This patch is an optimization, which provides xdp_return_frame_rx_napi,
which is a faster variant for these error cases. It take advantage of
the protection provided by XDP RX running under NAPI protection.
This change is mostly relevant for drivers using the page_pool
allocator as it can take advantage of this. (Tested with mlx5).
---
include/net/page_pool.h | 5 +++--
include/net/xdp.h | 1 +
kernel/bpf/cpumap.c | 2 +-
net/core/xdp.c | 20 ++++++++++++++++----
4 files changed, 21 insertions(+), 7 deletions(-)
diff --git a/include/net/page_pool.h b/include/net/page_pool.h
index c79087153148..694d055e01ef 100644
--- a/include/net/page_pool.h
+++ b/include/net/page_pool.h
@@ -115,13 +115,14 @@ void page_pool_destroy(struct page_pool *pool);
void __page_pool_put_page(struct page_pool *pool,
struct page *page, bool allow_direct);
-static inline void page_pool_put_page(struct page_pool *pool, struct page *page)

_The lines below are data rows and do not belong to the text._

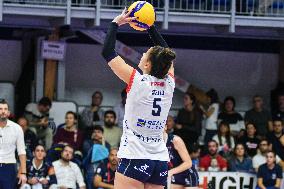 VOLLEY - Serie A1 Femminile - Reale Mutua Fenera Chieri '76 vs Il Bisonte Firenze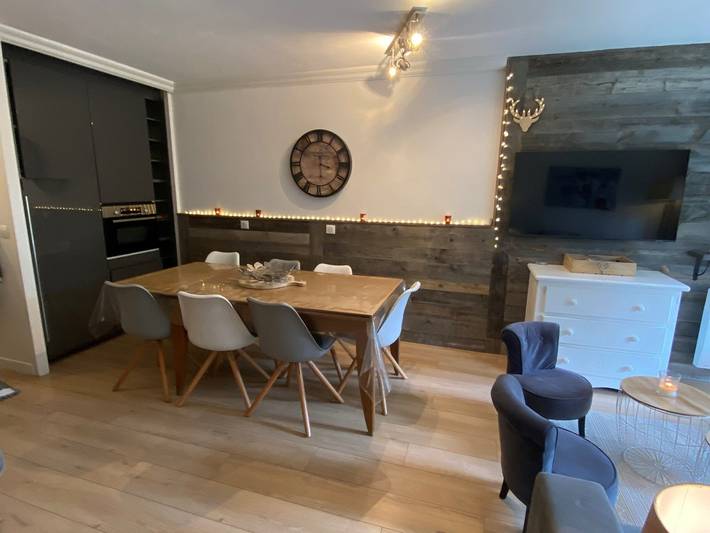 Chalet pour 8 personnes à Bourg-Saint-Maurice - 3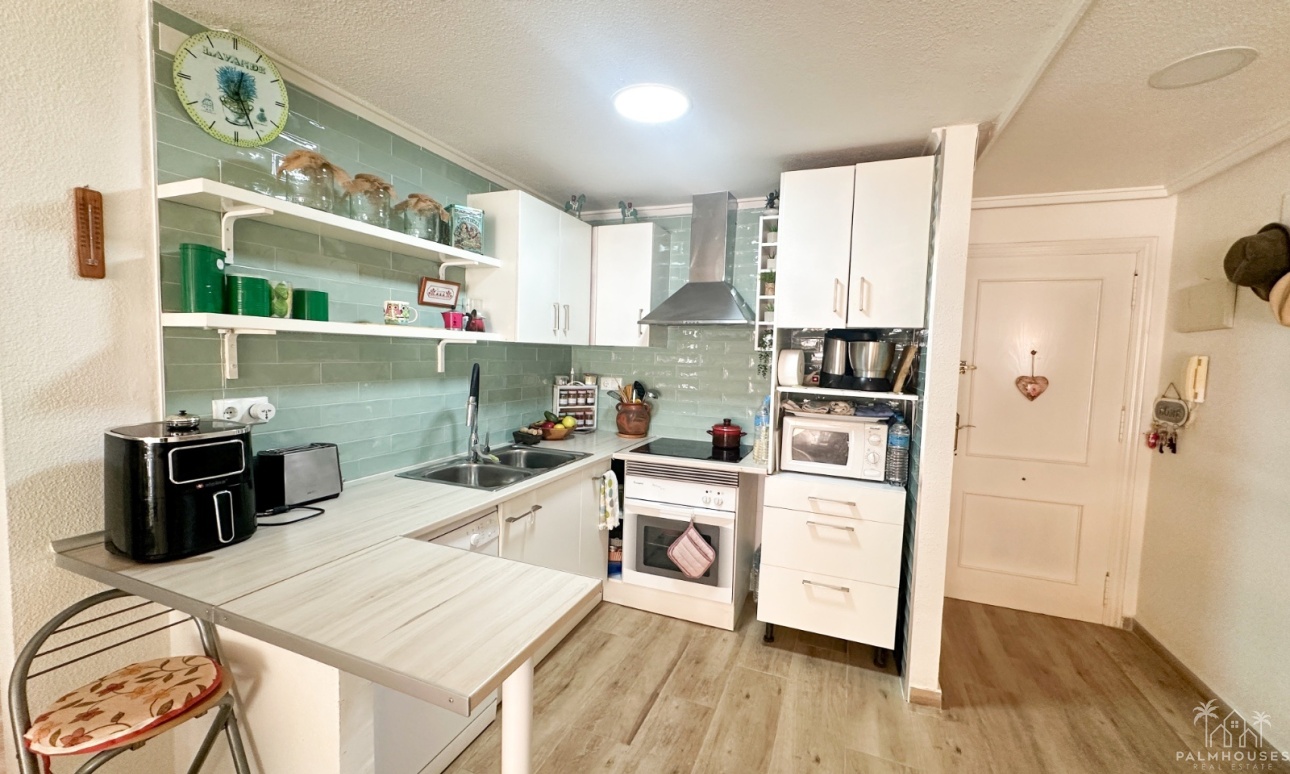 Herverkoop - Appartement - Torrevieja - Costa Blanca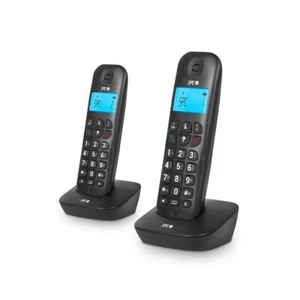 SPC AIR PRO DÚO Analogtelefon Anrufer-Identifikation Freisprecheinrichtung 20 Ei - Zdjęcie 1 z 2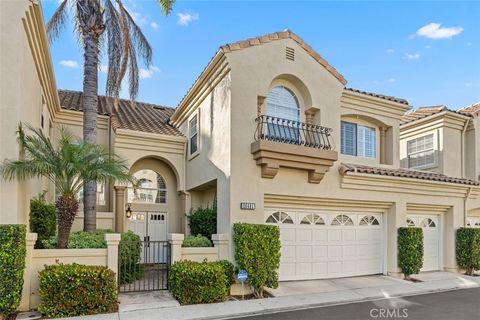 A home in Laguna Hills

+static inline void page_pool_put_page(struct page_pool *pool,
+ struct page *page, bool allow_direct)
{
/* When page_pool isn't compiled-in, net/core/xdp.c doesn't
* allow registering MEM_TYPE_PAGE_POOL, but shield linker.
*/
#ifdef CONFIG_PAGE_POOL
- __page_pool_put_page(pool, page, false);
+ __page_pool_put_page(pool, page, allow_direct);
#endif
}
/* Very limited use-cases allow recycle direct */
diff --git a/include/net/xdp.h b/include/net/xdp.h
index 0b689cf561c7..7ad779237ae8 100644
--- a/include/net/xdp.h
+++ b/include/net/xdp.h
@@ -104,6 +104,7 @@ struct xdp_frame *convert_to_xdp_frame(struct xdp_buff *xdp)
}
void xdp_return_frame(struct xdp_frame *xdpf);
+void xdp_return_frame_rx_napi(struct xdp_frame *xdpf);
void xdp_return_buff(struct xdp_buff *xdp);
int xdp_rxq_info_reg(struct xdp_rxq_info *xdp_rxq,
diff --git a/kernel/bpf/cpumap.c b/kernel/bpf/cpumap.c
index c95b04ec103e..e0918d180f08 100644
--- a/kernel/bpf/cpumap.c
+++ b/kernel/bpf/cpumap.c
@@ -578,7 +578,7 @@ static int bq_flush_to_queue(struct bpf_cpu_map_entry *rcpu,
err = __ptr_ring_produce(q, xdpf);
if (err) {
drops++;
- xdp_return_frame(xdpf);
+ xdp_return_frame_rx_napi(xdpf);
}
processed++;
}
diff --git a/net/core/xdp.c b/net/core/xdp.c
index bf6758f74339..cb8c4e061a5a 100644
--- a/net/core/xdp.c
+++ b/net/core/xdp.c
@@ -308,7 +308,13 @@ int xdp_rxq_info_reg_mem_model(struct xdp_rxq_info *xdp_rxq,
}
EXPORT_SYMBOL_GPL(xdp_rxq_info_reg_mem_model);
-static void xdp_return(void *data, struct xdp_mem_info *mem)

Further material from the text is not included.